▼▼▼

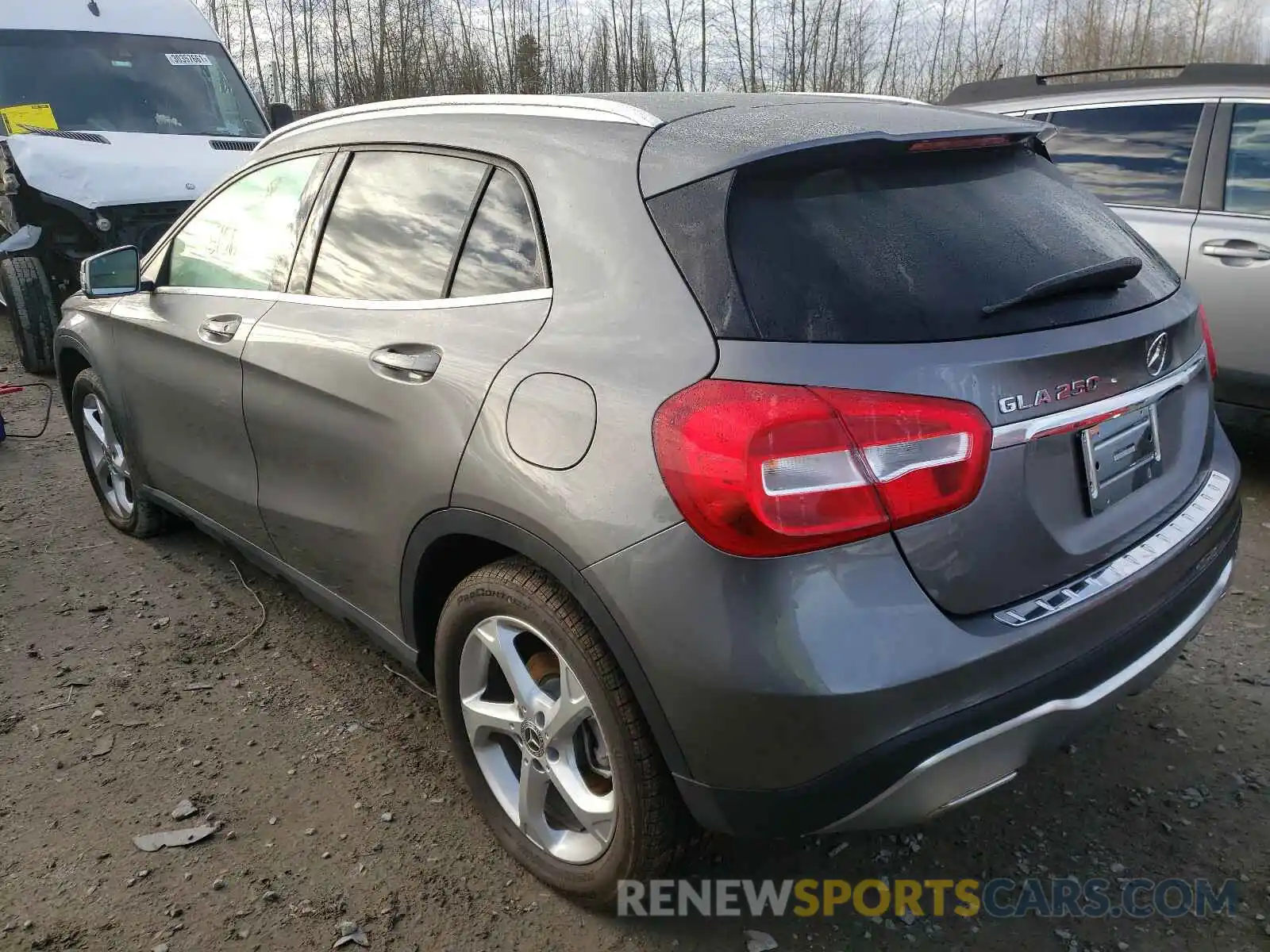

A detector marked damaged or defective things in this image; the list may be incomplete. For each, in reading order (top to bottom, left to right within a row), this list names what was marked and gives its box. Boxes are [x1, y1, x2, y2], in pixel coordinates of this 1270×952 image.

damaged vehicle [2, 0, 287, 371]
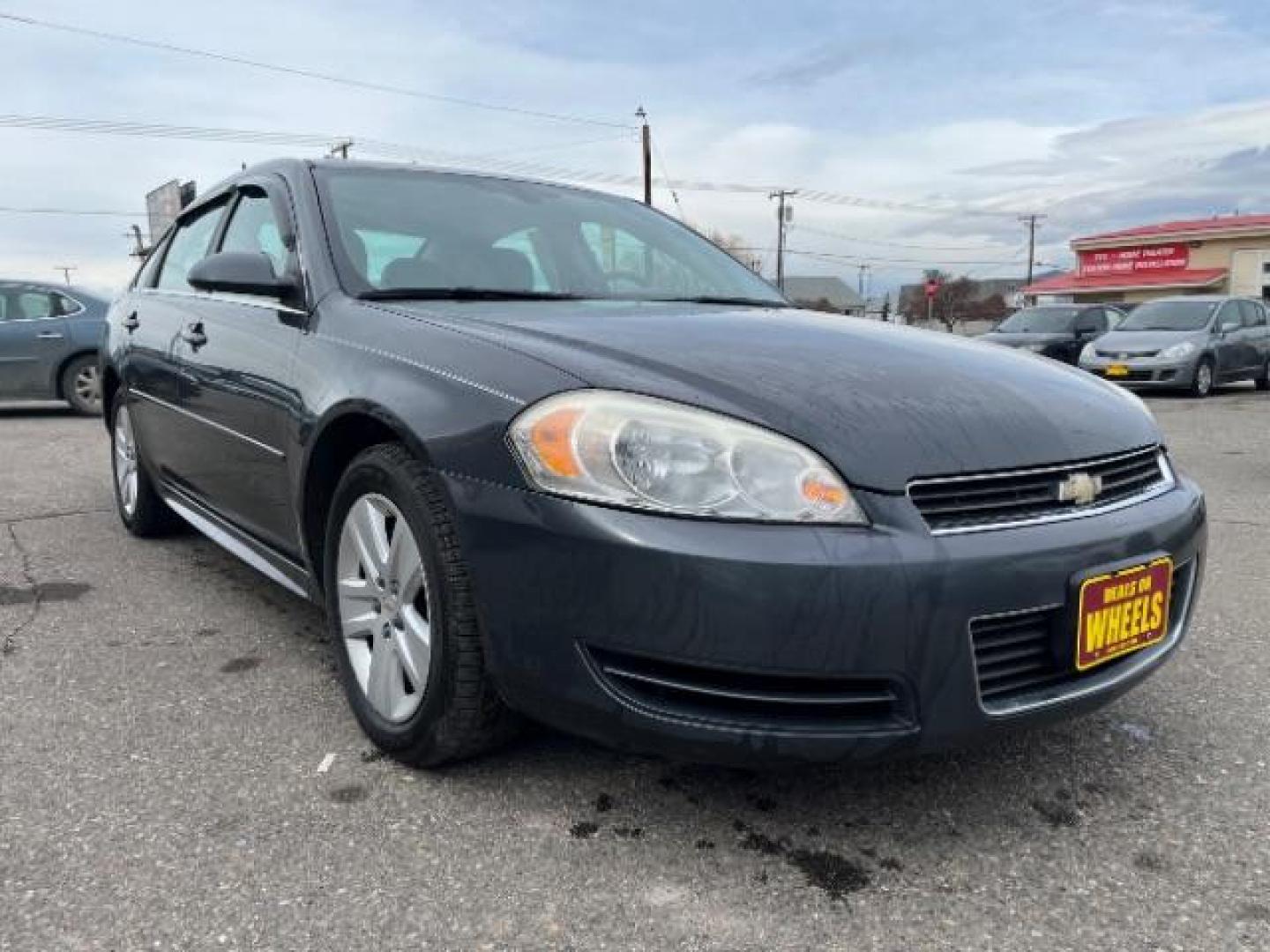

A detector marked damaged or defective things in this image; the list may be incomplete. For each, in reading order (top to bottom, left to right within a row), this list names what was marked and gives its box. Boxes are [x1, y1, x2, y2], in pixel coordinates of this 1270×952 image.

cracked pavement [0, 388, 1265, 952]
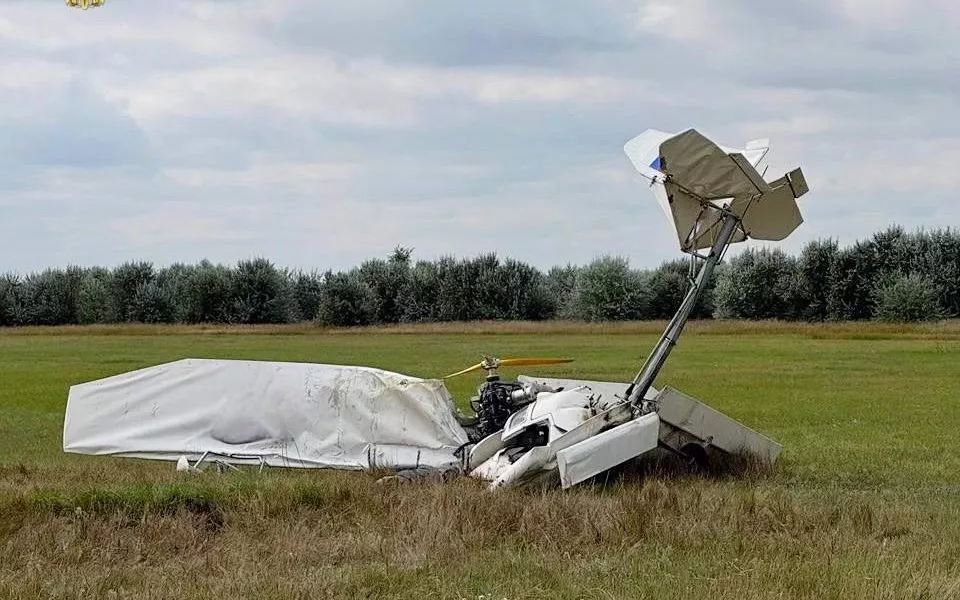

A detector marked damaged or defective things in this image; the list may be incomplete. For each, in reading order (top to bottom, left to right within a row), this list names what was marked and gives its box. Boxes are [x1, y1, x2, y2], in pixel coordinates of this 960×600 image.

crashed small aircraft [62, 129, 808, 490]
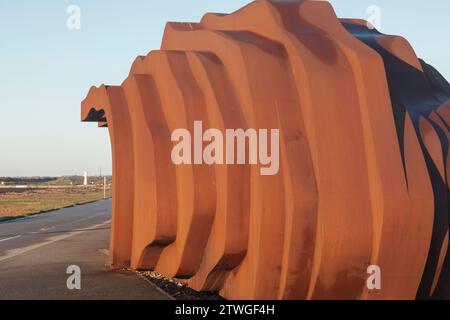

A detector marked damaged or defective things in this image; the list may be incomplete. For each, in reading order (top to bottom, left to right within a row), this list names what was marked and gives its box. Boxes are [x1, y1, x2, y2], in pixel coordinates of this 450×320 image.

rusted metal surface [81, 0, 450, 300]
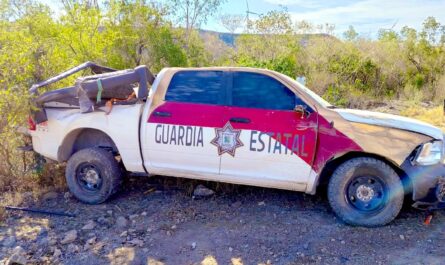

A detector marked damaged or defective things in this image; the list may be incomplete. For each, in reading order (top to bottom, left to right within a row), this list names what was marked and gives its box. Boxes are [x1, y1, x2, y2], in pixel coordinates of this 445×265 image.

damaged pickup truck [26, 62, 442, 225]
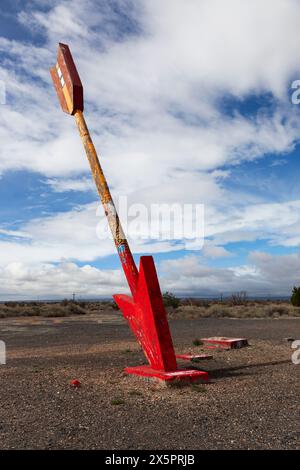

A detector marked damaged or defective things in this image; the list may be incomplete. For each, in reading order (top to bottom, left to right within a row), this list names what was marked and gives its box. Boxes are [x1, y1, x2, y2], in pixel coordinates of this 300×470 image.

rusted metal surface [49, 42, 209, 384]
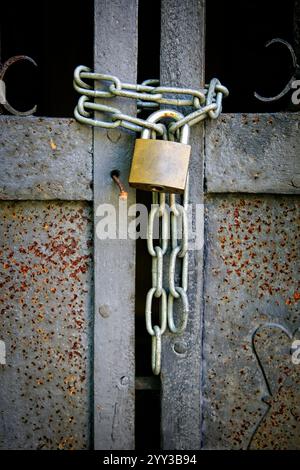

▲▲▲

* **What is required**:
What you return should be only the lines from the line with "this 445×265 image." through the last line of the listing above, exactly, both ends included, pictures excluded.

* **Solution to this exercise**:
A detector marked damaged or defective things in this image; the list may be incomplete. For each, in reading order (top to bottom, left to right within a row), this list names what was marked and gives its box. Boxes are [x1, y1, x2, y2], in pixel coordinates of this 445×265 image.

damaged pickup truck [26, 62, 442, 225]

A detector marked damaged or defective things in this image; the list may be incomplete. For each, in reading order (top to bottom, left to right within a row), this list names what was marked and gives its box. Boxes are [x1, y1, x2, y2], in pixel coordinates of this 300×470 image.

rusted metal surface [49, 42, 209, 384]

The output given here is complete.